- [WORK INSTRUCTION]
From the line that contains "abs angry animal_genitalia" to the final line of the entries, return every line exactly and leave out all others.

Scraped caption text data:

▶

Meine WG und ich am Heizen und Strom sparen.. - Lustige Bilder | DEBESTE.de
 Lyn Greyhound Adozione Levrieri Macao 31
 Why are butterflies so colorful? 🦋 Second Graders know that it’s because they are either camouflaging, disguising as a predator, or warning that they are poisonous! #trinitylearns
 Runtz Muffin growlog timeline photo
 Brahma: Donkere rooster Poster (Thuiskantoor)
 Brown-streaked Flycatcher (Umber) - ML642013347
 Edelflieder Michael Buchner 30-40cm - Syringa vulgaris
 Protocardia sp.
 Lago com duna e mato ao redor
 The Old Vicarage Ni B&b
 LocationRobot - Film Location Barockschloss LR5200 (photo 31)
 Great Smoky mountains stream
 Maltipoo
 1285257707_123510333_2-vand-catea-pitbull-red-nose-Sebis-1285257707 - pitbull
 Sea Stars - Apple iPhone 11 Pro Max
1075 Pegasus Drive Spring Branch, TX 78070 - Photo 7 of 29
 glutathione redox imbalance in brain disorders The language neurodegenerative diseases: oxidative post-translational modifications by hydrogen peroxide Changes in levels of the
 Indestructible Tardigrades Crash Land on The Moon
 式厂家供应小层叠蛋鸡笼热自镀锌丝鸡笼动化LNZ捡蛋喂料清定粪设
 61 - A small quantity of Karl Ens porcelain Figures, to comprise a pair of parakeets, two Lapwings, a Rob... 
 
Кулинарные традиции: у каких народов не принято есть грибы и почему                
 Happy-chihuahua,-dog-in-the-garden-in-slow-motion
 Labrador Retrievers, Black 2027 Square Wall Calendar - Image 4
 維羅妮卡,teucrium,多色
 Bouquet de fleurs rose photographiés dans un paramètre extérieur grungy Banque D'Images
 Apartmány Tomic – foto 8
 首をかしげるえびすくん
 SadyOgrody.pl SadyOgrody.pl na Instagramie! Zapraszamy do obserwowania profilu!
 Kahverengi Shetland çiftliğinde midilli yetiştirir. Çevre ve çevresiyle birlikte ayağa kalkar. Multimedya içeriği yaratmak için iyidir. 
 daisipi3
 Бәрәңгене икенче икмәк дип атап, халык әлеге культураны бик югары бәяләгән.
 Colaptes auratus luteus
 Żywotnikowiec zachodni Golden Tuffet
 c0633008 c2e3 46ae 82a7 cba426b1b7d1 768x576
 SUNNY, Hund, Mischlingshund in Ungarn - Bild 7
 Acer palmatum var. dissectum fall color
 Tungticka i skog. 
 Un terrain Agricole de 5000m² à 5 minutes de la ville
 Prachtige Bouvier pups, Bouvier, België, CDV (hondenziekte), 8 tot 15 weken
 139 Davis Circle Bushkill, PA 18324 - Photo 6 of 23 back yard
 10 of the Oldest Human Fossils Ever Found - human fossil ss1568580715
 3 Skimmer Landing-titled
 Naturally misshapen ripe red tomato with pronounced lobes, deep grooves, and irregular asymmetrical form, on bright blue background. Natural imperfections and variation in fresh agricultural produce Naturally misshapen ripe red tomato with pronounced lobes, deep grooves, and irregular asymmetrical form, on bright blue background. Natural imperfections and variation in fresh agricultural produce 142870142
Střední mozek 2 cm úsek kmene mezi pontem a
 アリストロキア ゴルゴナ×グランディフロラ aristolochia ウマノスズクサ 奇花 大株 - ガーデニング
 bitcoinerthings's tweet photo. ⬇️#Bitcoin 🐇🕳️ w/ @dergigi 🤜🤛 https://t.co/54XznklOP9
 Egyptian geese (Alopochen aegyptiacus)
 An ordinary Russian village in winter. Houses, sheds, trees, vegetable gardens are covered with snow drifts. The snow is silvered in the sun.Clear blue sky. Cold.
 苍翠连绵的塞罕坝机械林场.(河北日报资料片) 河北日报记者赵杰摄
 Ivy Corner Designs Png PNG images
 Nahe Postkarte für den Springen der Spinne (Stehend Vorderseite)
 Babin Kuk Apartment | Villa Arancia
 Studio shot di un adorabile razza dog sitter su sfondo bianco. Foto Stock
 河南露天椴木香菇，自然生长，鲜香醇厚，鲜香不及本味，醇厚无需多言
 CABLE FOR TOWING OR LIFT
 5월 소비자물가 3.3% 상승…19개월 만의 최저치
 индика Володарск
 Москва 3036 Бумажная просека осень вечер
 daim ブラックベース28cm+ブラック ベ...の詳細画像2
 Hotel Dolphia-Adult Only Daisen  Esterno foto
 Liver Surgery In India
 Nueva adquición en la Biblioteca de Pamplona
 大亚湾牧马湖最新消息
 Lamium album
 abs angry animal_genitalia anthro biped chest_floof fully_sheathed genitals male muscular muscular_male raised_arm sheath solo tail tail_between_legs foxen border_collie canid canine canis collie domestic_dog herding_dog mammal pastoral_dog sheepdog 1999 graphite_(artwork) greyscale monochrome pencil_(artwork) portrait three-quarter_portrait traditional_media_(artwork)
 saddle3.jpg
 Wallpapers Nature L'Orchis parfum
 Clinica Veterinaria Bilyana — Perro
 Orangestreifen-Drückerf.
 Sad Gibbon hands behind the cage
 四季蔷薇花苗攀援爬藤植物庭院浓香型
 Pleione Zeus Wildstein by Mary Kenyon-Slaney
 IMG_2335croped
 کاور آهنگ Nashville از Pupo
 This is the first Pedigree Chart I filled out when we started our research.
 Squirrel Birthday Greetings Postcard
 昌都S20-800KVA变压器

◀

- [FINISHED TASK]
 abs angry animal_genitalia anthro biped chest_floof fully_sheathed genitals male muscular muscular_male raised_arm sheath solo tail tail_between_legs foxen border_collie canid canine canis collie domestic_dog herding_dog mammal pastoral_dog sheepdog 1999 graphite_(artwork) greyscale monochrome pencil_(artwork) portrait three-quarter_portrait traditional_media_(artwork)
 saddle3.jpg
 Wallpapers Nature L'Orchis parfum
 Clinica Veterinaria Bilyana — Perro
 Orangestreifen-Drückerf.
 Sad Gibbon hands behind the cage
 四季蔷薇花苗攀援爬藤植物庭院浓香型
 Pleione Zeus Wildstein by Mary Kenyon-Slaney
 IMG_2335croped
 کاور آهنگ Nashville از Pupo
 This is the first Pedigree Chart I filled out when we started our research.
 Squirrel Birthday Greetings Postcard
 昌都S20-800KVA变压器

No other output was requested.